Brenna Seitz, OTR/L 23:03
I think there’s a lot more respect for what each discipline does. Now. It’s also a lot more fun. Like when I go up and do rounds I can socialize while the nurses and they like really like just talk about our days and a lot more just like it’s more familiar. And there’s a lot of trust and a lot of respect. And we’re willing to kind of joke around and just like that kind of dynamic makes it really wonderful to be up there. It makes my job more fun. I’m not fighting every single day the nurses aren’t getting frustrated with me being up there. It’s just a nice environment. We’re all working to get the patients better. And that just really proves all of our like job quality.

Kali Dayton 24:44
And how do you anticipate that impacting retention during this really difficult time?

Brenna Seitz, OTR/L 24:50
I’d like to think that it would keep people around a little bit longer when you’re having a job that you enjoy doing that you feel like it’s benefiting patients and yourself and it’s more fun that environment and it’s not as stressful. And I also just think seeing more patients awake and less that are heavily sedated and heavily, like, just so agitated that they can’t do anything. Because if we can stop that, then your patients are easier to work with, you can communicate with them better. And it just that part of your job gets easier to cause caring for delirious patients is not easy.

Kali Dayton 25:22
Yeah, once that he showed that delirium is part of the significant psychological burden on nurses. It’s really, really difficult to be with someone that that’s that uncomfortable, that unstable, unreliable, for 12 hours straight plus, it’s really difficult. So yeah, I would love to see some studies, I’m always throwing out ideas for research, because people are always looking for more studies to do time to navigate the impact on retention, when we improve this process of care. Okay, what other stories do you have? What other successes,

Brenna Seitz, OTR/L 25:57
yes, this is multiple patients. But one of my favorite things that has come with people being more awake, or even patients who are delirious, has been involving family members. But specifically, once we get patients standing or sitting for the first time, letting their family come and hug them. And I pretty much cry every single time it happens. But it’s been really wonderful because the family, I tried to help them be less scared about all the lines that the family member has, and just really try to connect with their family member. And it just makes me so happy when they can come in and hug them.

Kali Dayton 26:33
There’s so many things on this podcast that have made me just look back and question. Things that I could have done better things I wish I’d known. That’s an idea that I wish I’d had. I think we’re just as me, especially as a nurse, I was just so task oriented, right? We’re just to go through the steps whipping through we got to get this session with, you know, cranked out but why not? Why not hug and we know, the psychological benefits, the physiological benefits of a hug. One thing that I was really taken aback by with survivors perspective, is that how isolated they felt during their medically induced comas.
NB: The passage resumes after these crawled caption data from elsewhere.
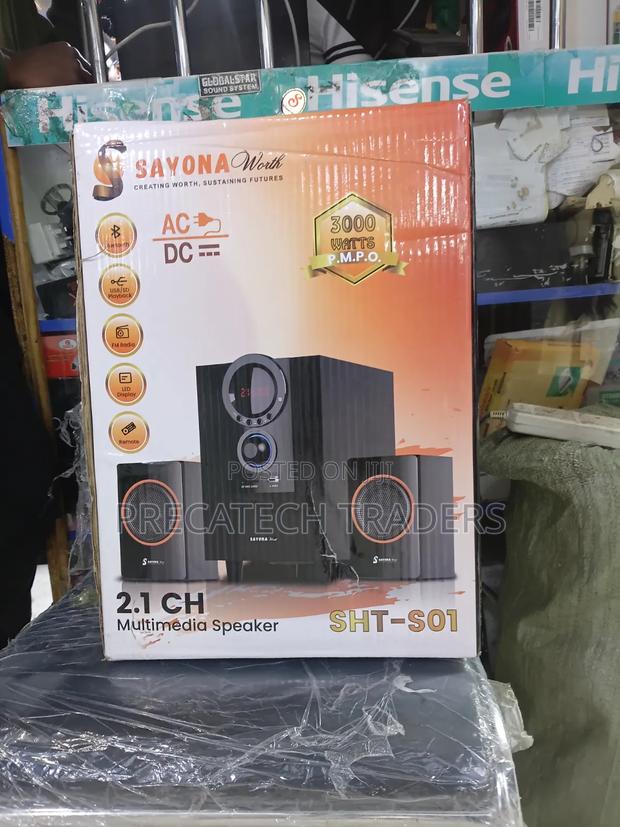 Sayona SHT-S01 3000W Multimedia Speaker – USB/FM - main view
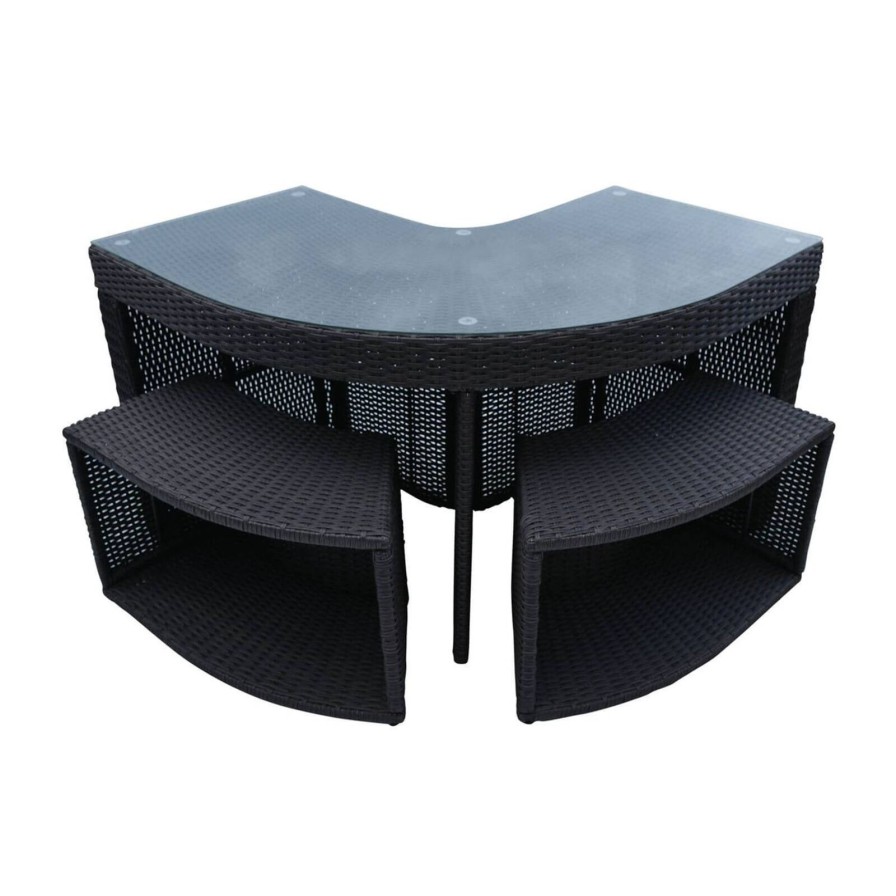 Hot Tub Accessories | Garden & Outdoor Canadian Spa Co Canadian Spa Rattan Square Garden Corner Bar & Stools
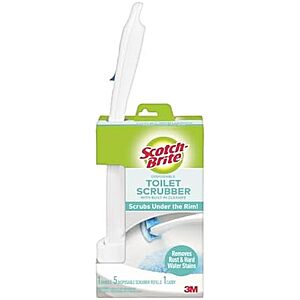 [SnS] $6.50* | Scotch-Brite Disposable Toilet Scrubber Starter Kit w/ 5-Count Refills at Amazon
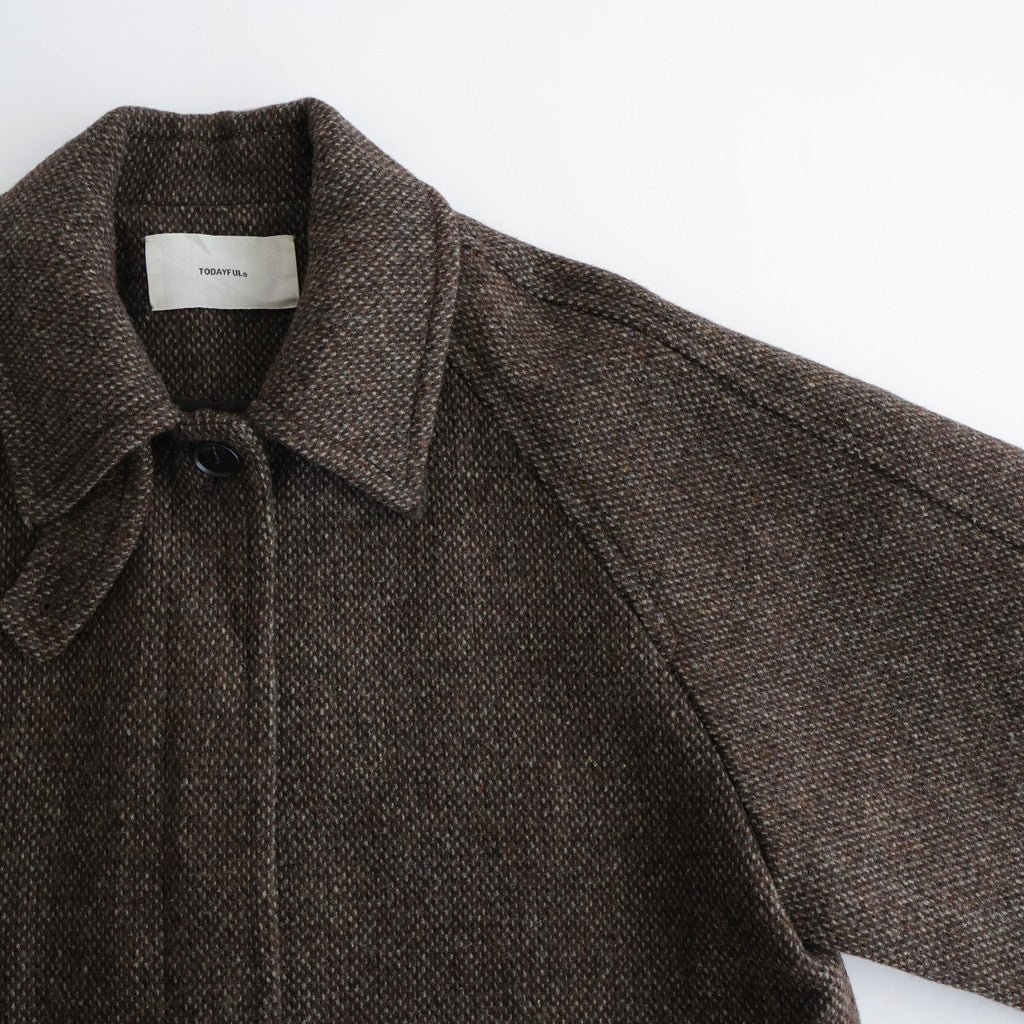 Mixwool Raglan Coat #CHO [12420003] - ciacura 三重県四日市市の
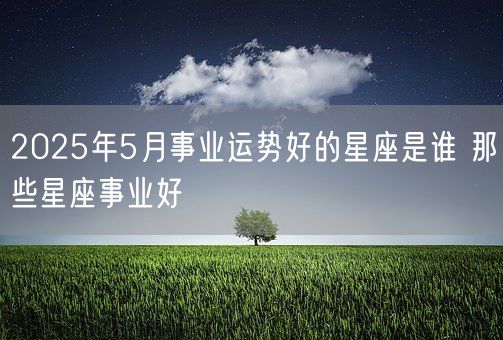 2025年5月事业运势好的星座是谁 那些星座事业好(图1)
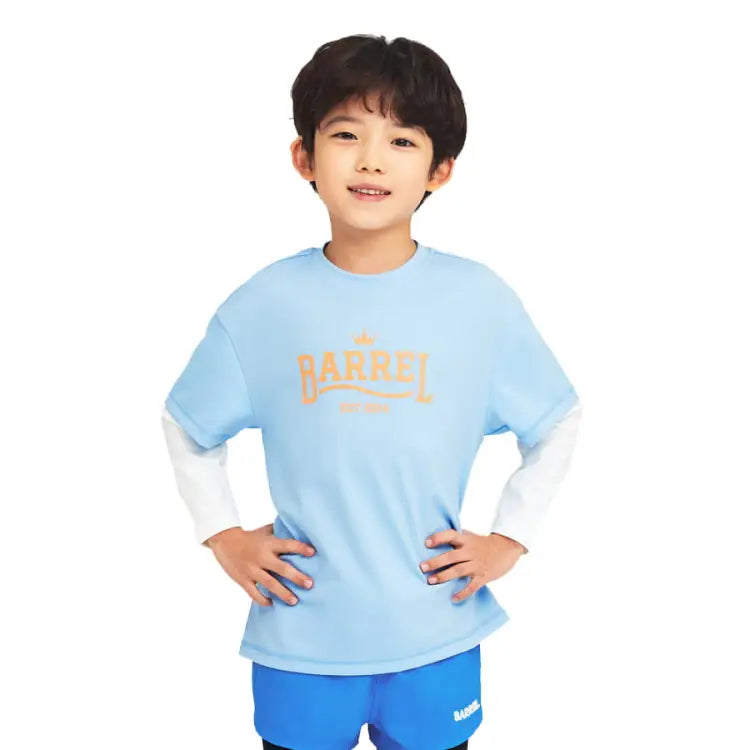 Barrel Kids Romantic Motion Layered Rashguard-AQUA - Rashguards | BARREL HK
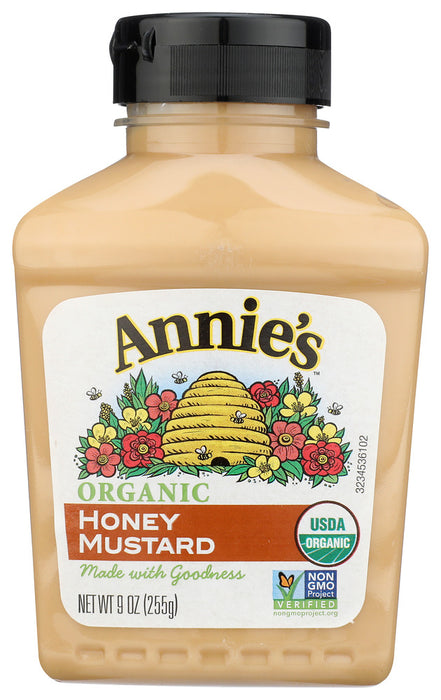 ANNIES HOMEGROWN: Organic Honey Mustard, 9 oz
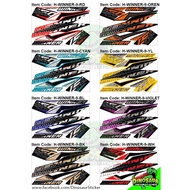 RS150 WINNER 09 Sticker Gred A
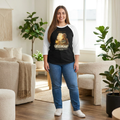 John 1:5 Lantern Graphic Raglan Shirt — "The Light Shines in the Darkness" Christian Baseball Tee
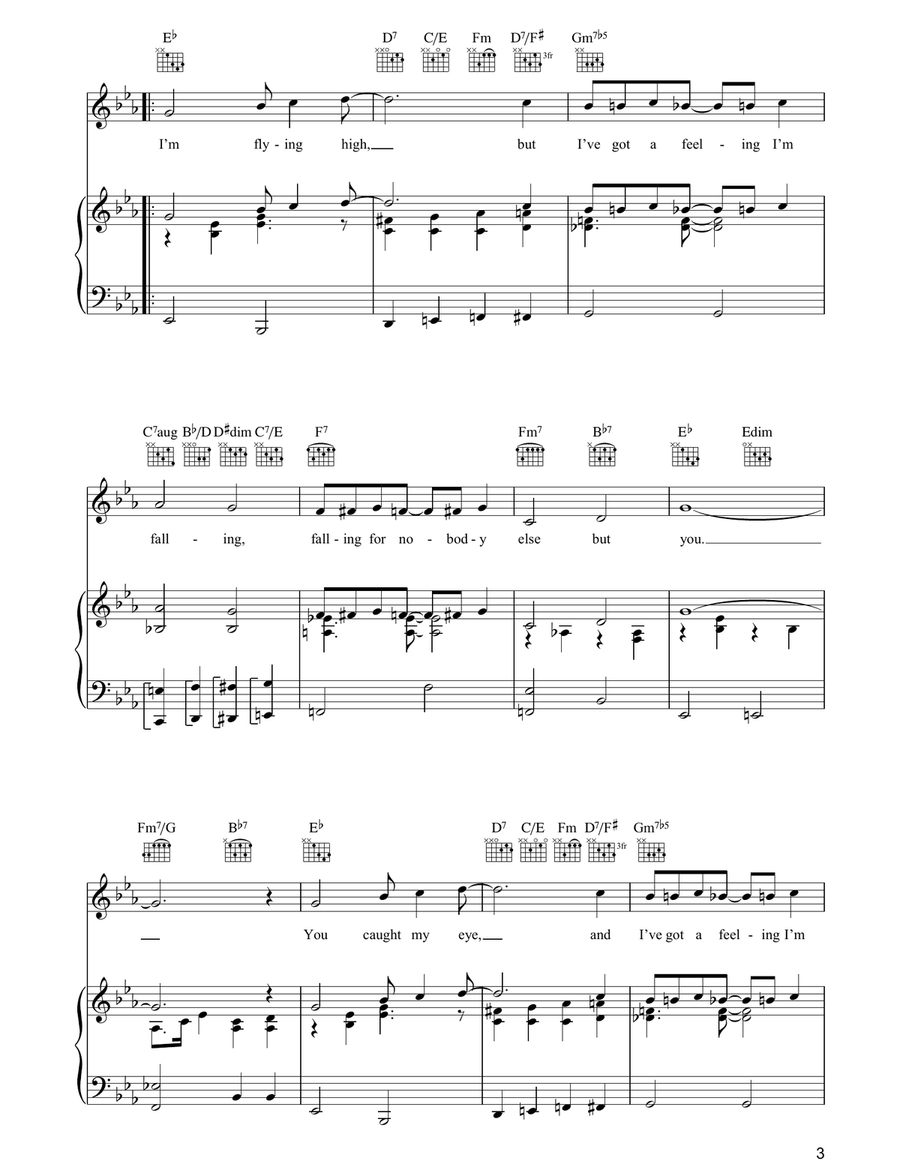 I've Got A Feeling I'm Falling Acoustic Guitar scores gallery preview page 3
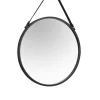 Mirrors and More Kellot Ja Peilit*peili Cornelia Ø55 cm musta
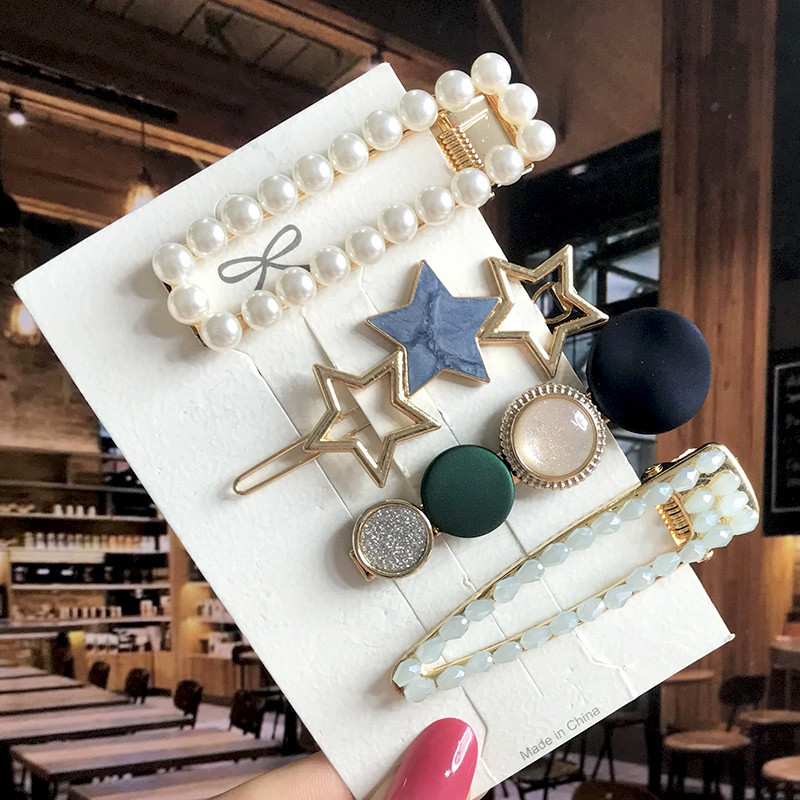 Agrafă de păr la modă coreeană 2022 pentru femei, noua fată la modă, accesorii de păr cu cristale de perle, bijuterii de păr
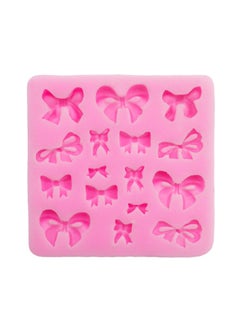 Buy 3D Bowknot Decorating Cake Mould Pink 6.5centimeter in Saudi Arabia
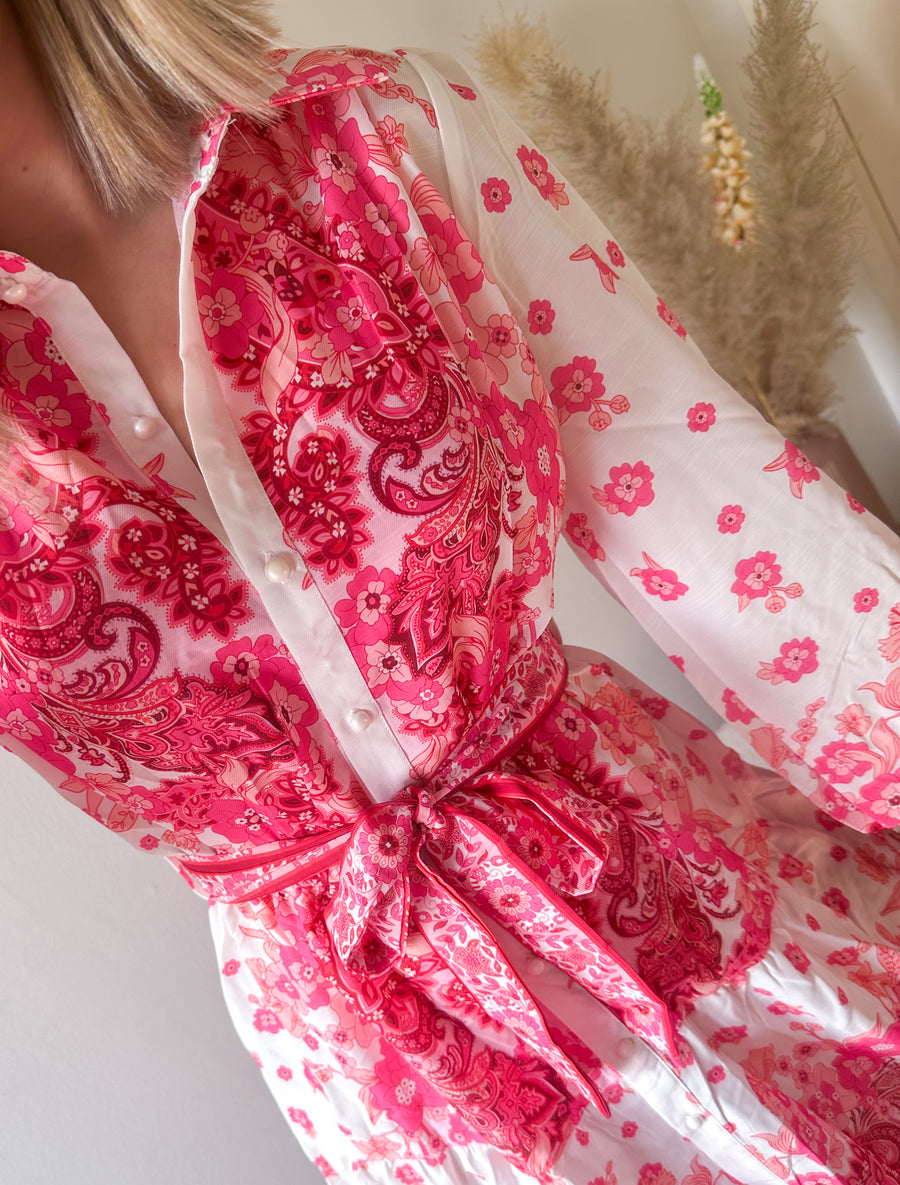 LENA DRESS - ROZE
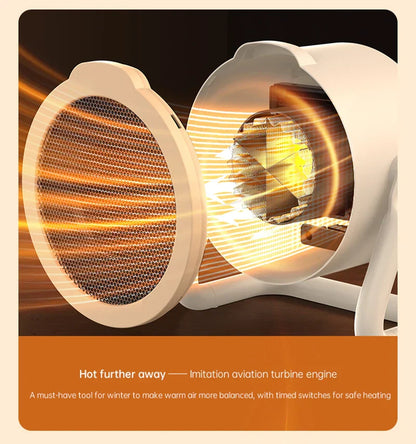 Compact 1000W Electric Space Heater with Safety Switch
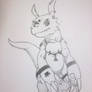 Guilmon x3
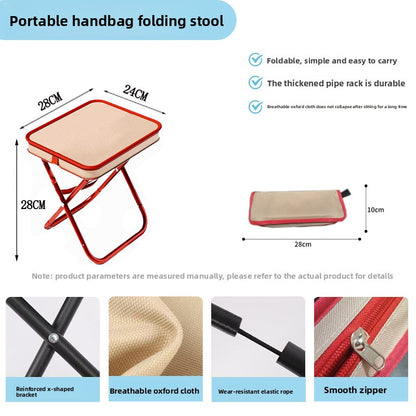 Outdoor Folding Stool – Portable Lightweight Camping & Fishing Chair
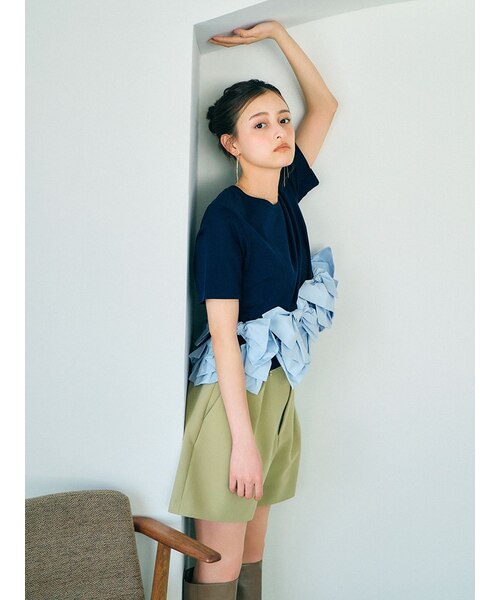 USAGI ONLINE/ZOZOTOWN限定】リボンドッキングTシャツ｜スナイデルの
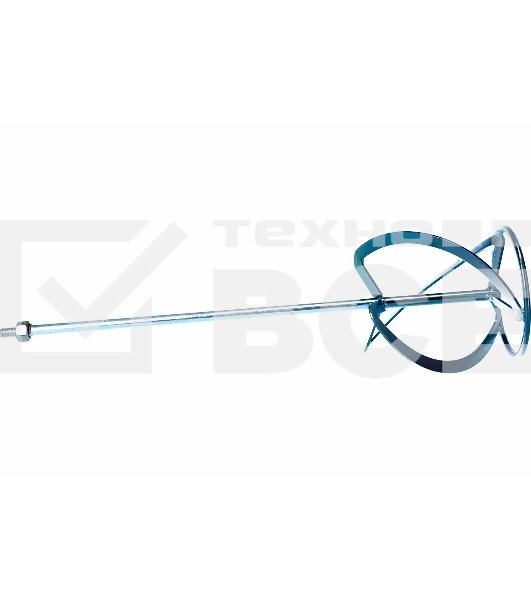 Насадка для миксера Сибртех, для тяжелых растворов,160 х 590 мм, оцинкованная,хвостовик резьба М14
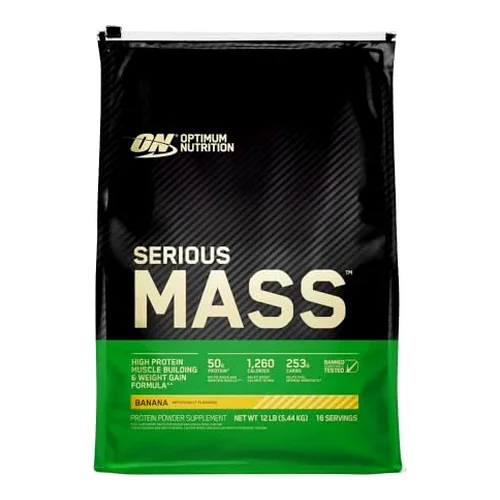 Serious Mass Gainer Pote 2,72kg (6lbs) Sabor Baunilha - Optimum Nutrition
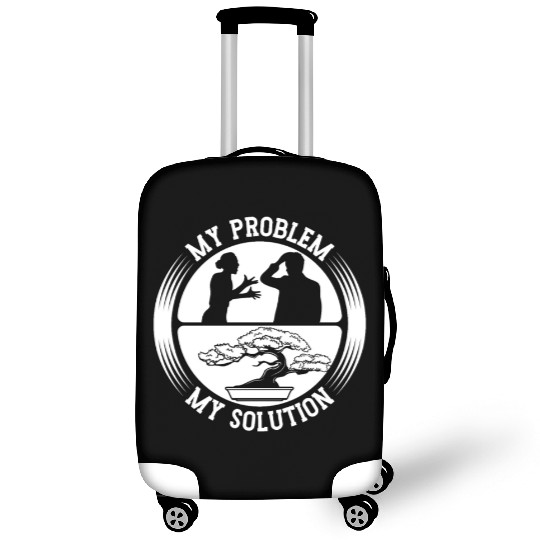 Bonsai Art Lover My Problem My Pictogram Dad Mom Luggage Covers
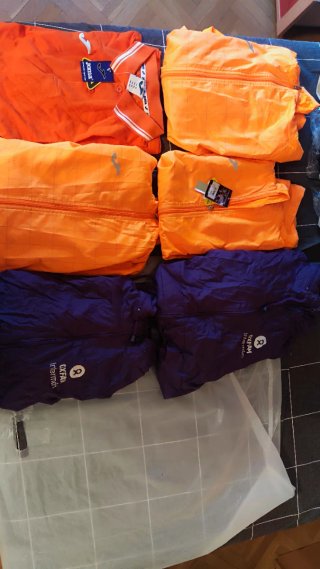 Lote Camisetas de carreras, chubasqueros y polos
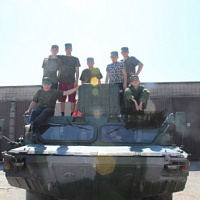 Патриоты в гостях у зенитчиков!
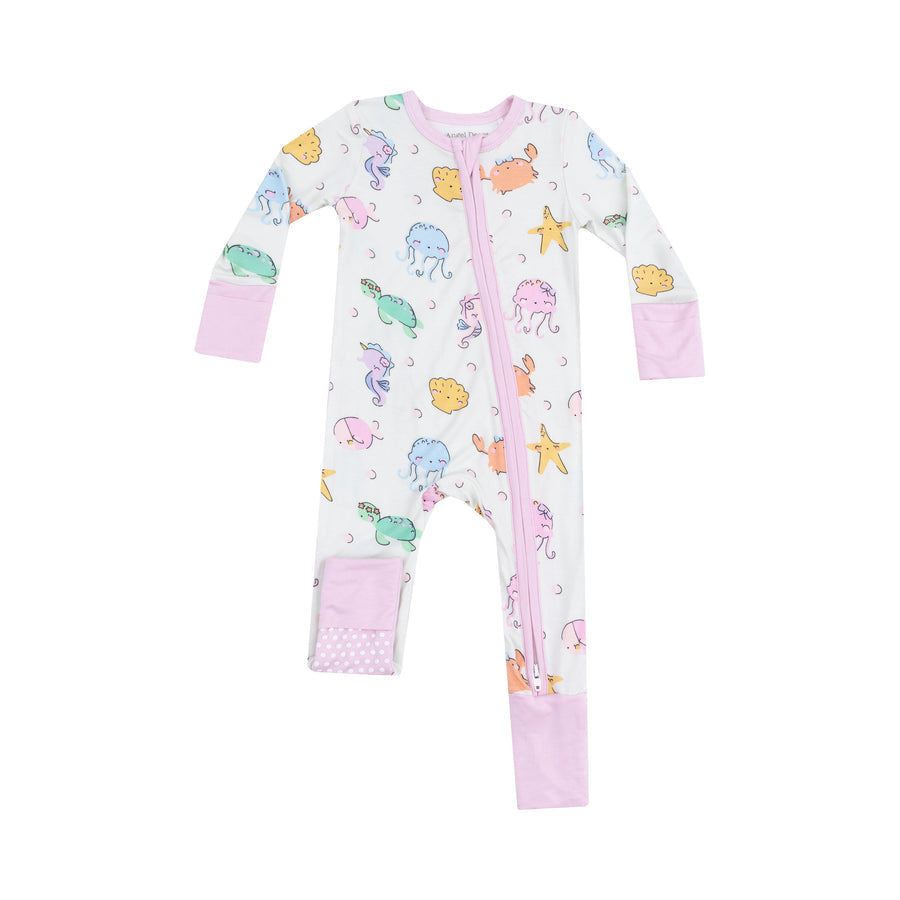 Angel Dear Bamboo Zipper Romper - Cutie Sea Creatures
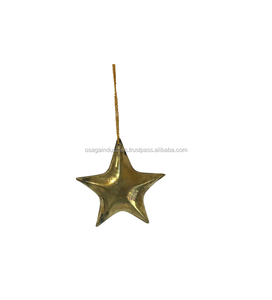 De METAL pequeña nueva llegada estrella de oro de Navidad decoración del árbol de ornamento colgante mejor venta MIATURE inicio decoración interior - Product Image 2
Which is crazy to think because oftentimes they do have them at the bedside, they have clinicians at the bedside, all that they’re never really physically alone, but they don’t have a real connection. And what else do we go with days to weeks out talking to someone without touching someone? I mean, that’s what we use for torture, during war. That’s what we, that sends people into psychosis. That’s what we do, knowingly to our patients. So you’re taking that to a whole new extreme saying, talk, communicate, touch, and hug. That is so powerful, and how, how did the families and the patients respond to that?

Brenna Seitz, OTR/L 27:54
They almost always cry too. I think they just love getting the permission to touch their family member, especially the ones that really don’t seem that stable. They’re like they have they’re easy to but they have all the lines, they have a swan, they have everything attached to them. And it’s just like the permission to like, let them like, show their love to their family member that they just, I think really appreciate because you can tell they’re scared the first time and then they go away. And they’re like, oh, I can just hug them. And it’s I’m not pulling anything out. I’m not hurting them, like I’m helping them and then their family member will smile or cry. And I think it just has let them have like a really personal connection that is missing a lot.

Kali Dayton 28:33
And you just think for the family’s perspective. You don’t know what the relationship with the scenario was before that most critical illness comes unexpectedly. And you know, how much your heart pines to be able to hold that person and have that connection? Because you don’t know if that’s last opportunity. And that’s one of my big beefs about unnecessarily medically these comas is that we deprive them of that connection, those touches that could be some of their last opportunities.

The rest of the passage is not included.